There are 2 kinds of storage that can be attached to an instance: ephemeral and elastic block storage (EBS). Ephemeral storage is, as the name suggests, temporary - and only exists while the instance is running (it is destroyed if the instance it stopped or terminated). Ephemeral storage cannot be 'transferred' between instances (i.e. detached from one instance and attached to another). Instance-store data does persist across reboots that do not stop the instance (i.e. running reboot from the console). EBS storage persists independently of the instance, and EBS volumes can be transferred between instances (within the same availability zone). Additionally, you can take snapshots of EBS volumes which allow for differential (i.e. delta) storage of compressed images of the volume content (allowing you to easily create a new volume in a different region, etc). Instances that are eligible for ephemeral storage, receive it at no additional cost. EBS storage, on the other hand, is billed by both a) the amount provisioned, and b) the I/O usage.
Instance-store uses S3 to store the AMI data, and provides an ephemeral root as well as additional ephemeral storage. This can be good in the case where a task requires lots of temporary storage, with very little data being permanently retained. In general, ephemeral storage is good for temp files and swap space. If you are storing data on ephemeral volumes, it should probably be copied from a 'master source' at startup, and the data (on the ephemeral disk) should not be of value. (For instance, if you are running an application, you could store your code externally download the latest version to the ephemeral disk when the server starts, and then run the application locally on the server, with all data stored elsewhere (e.g. EBS, RDS, etc.))

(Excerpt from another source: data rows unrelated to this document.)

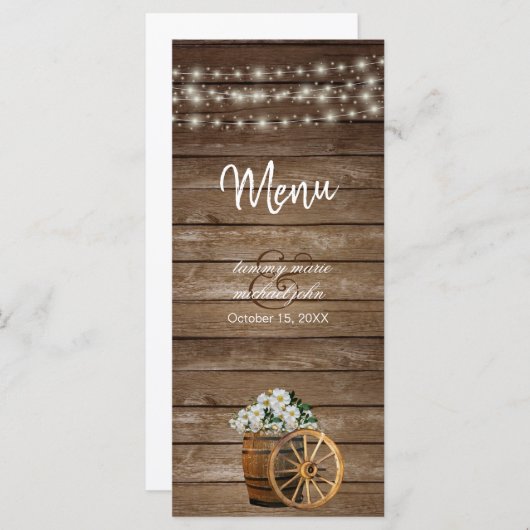 Rustige houtsloop en landbloemen menu (Voorkant / Achterkant)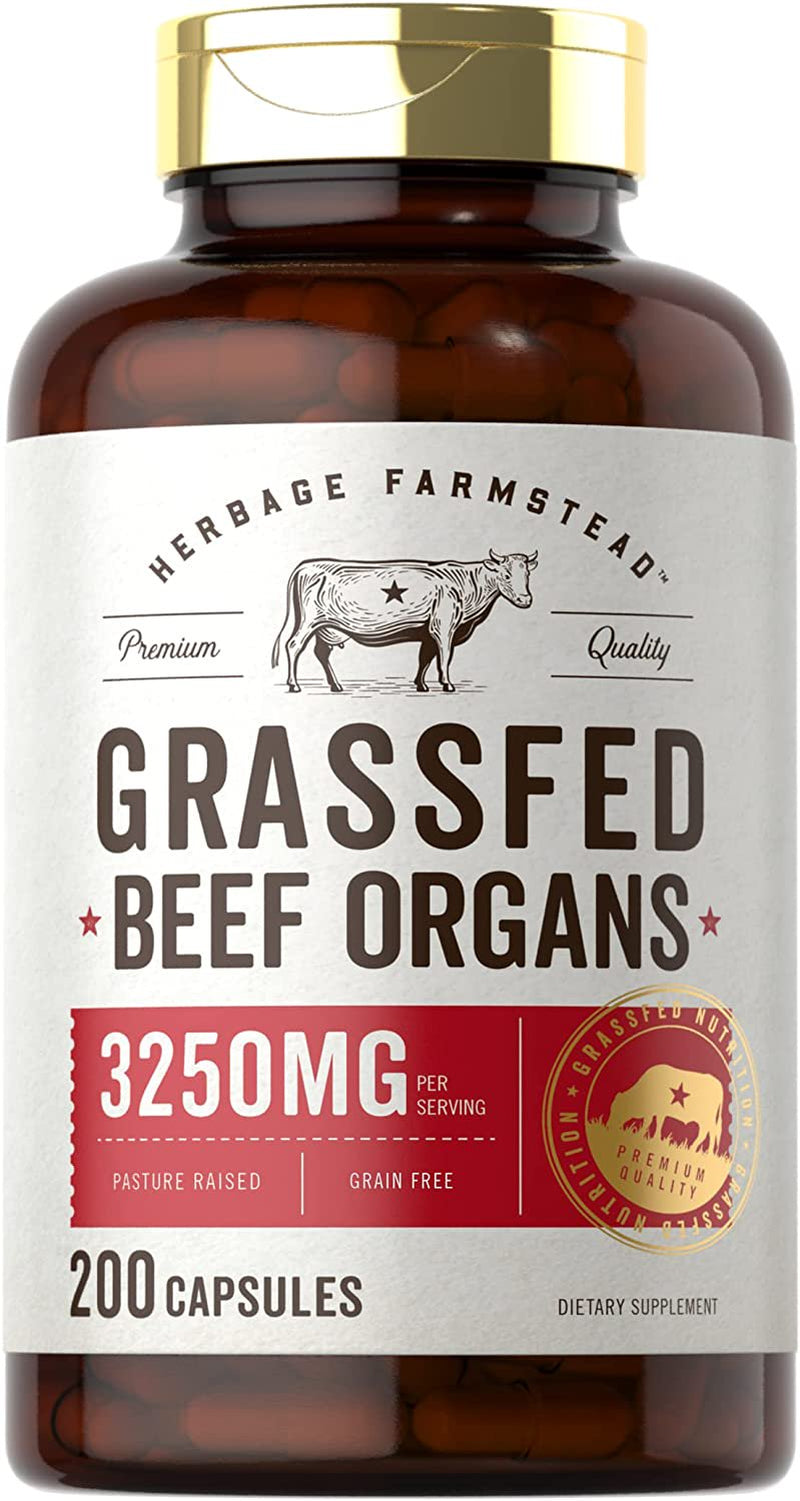 Grassfed Beef Organs | 3250Mg | 200 Capsules | by Herbage Farmstead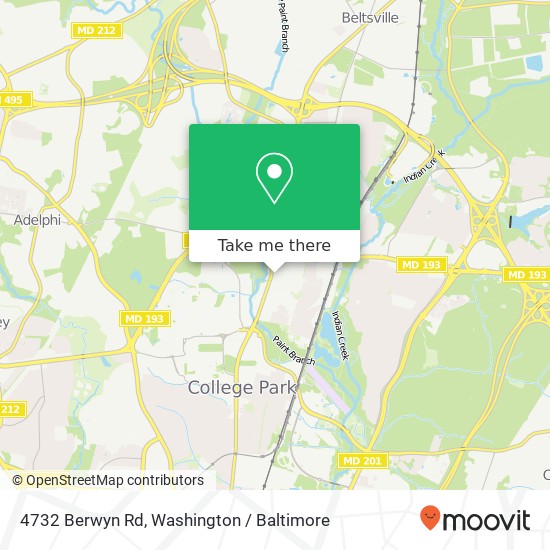 Mapa de 4732 Berwyn Rd, College Park, MD 20740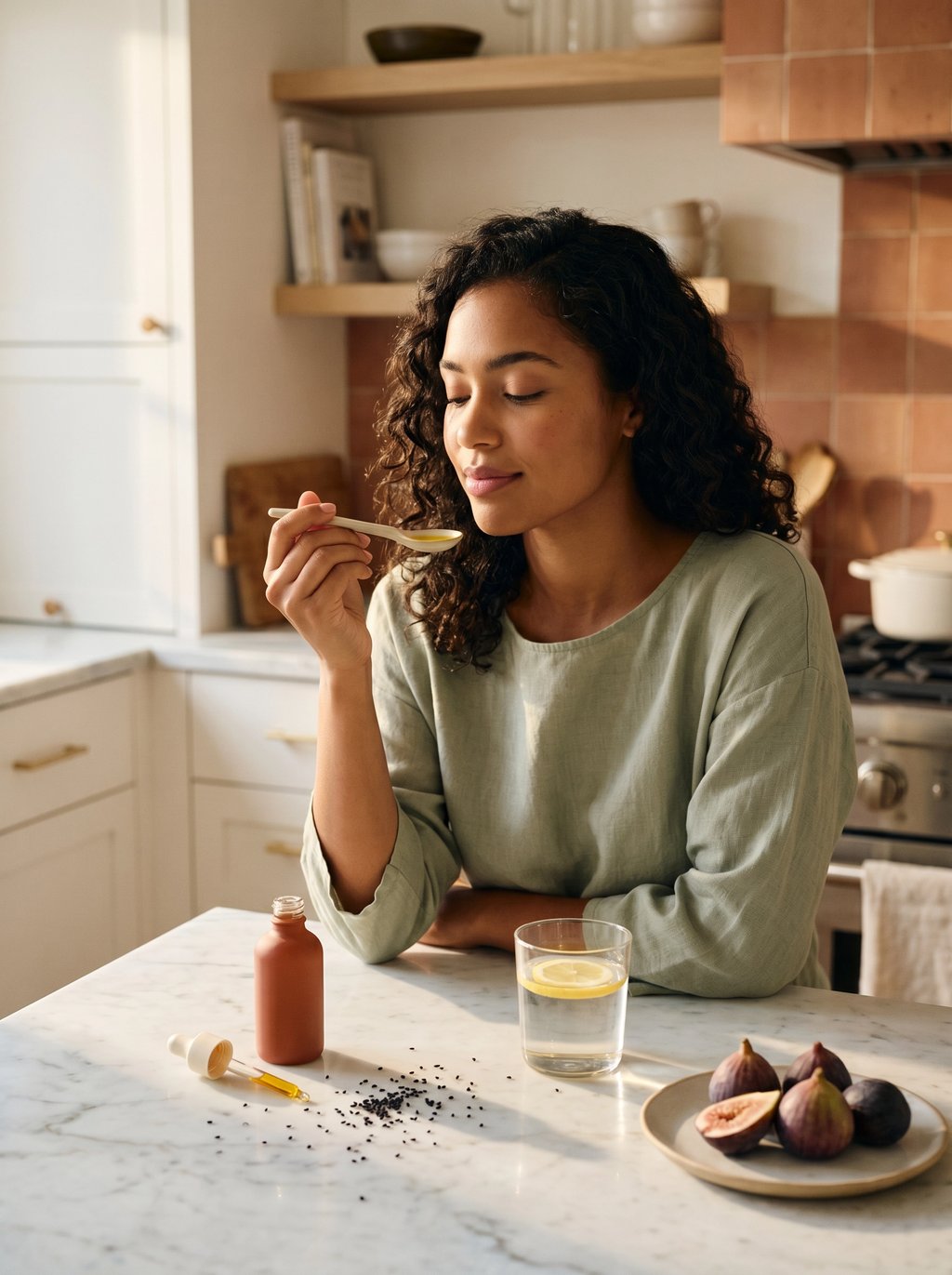 A woman taking her morning teaspoon of habb black seed oil at the kitchen counter beside lemon water and figs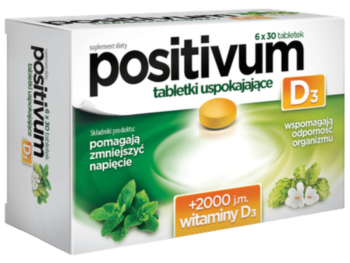 Zdjęcie przedstawia suplement diety Positivum D3, tabletki.
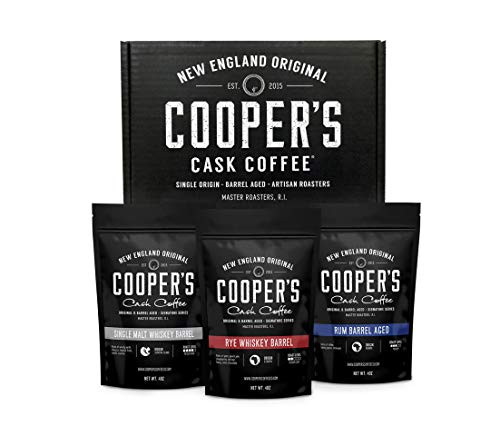 Bourbon Whiskey   Rum Barrel Aged Coffee Bean Box Set - Ground - Coffee Sampler - Single Origin Malt Whiskey Sumatra Rye Whiskey Ethiopian Rum Barrel Rwanda Rum Roasted Coffee Beans 12oz  The Ideal Holiday Present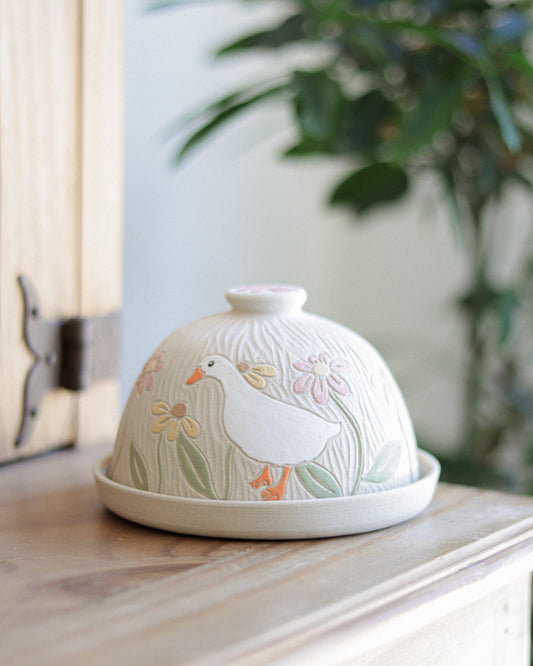 Ducks & Flowers Butter Dish #2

Typically, the recommended route is to use EBS - both as the root volume and as your storage medium for data. EBS allows you to easily change instance types, modify root partition size, backup your data, and greatly facilitates dealing with problems as you can attach the EBS volumes to other running instances. Using EBS, you can store your code directly on the EBS volume, and any changes you make will persist. Moreover, you can attach a snapshot to an instance, such that all instances launched will have the same data on their attached EBS volume (i.e. the data is derived from the snapshot). Unless you have specific needs that would benefit from the instance-store architecture, EBS is the way to go.
(There is another option, but for code/databases it is typically not practical. You can mount an S3 bucket as a local file system using fuse - the advantage is unlimited, unprovisioned storage (i.e. your files can grow without having to pre-allocated an amount of space) - potentially, this is great for uploads, pictures, etc. that might be user contributed. The downside is performance - writing to S3 is not nearly as fast as EBS or ephemeral storage, there is a significant lag that makes it unacceptable for the core components of an application.)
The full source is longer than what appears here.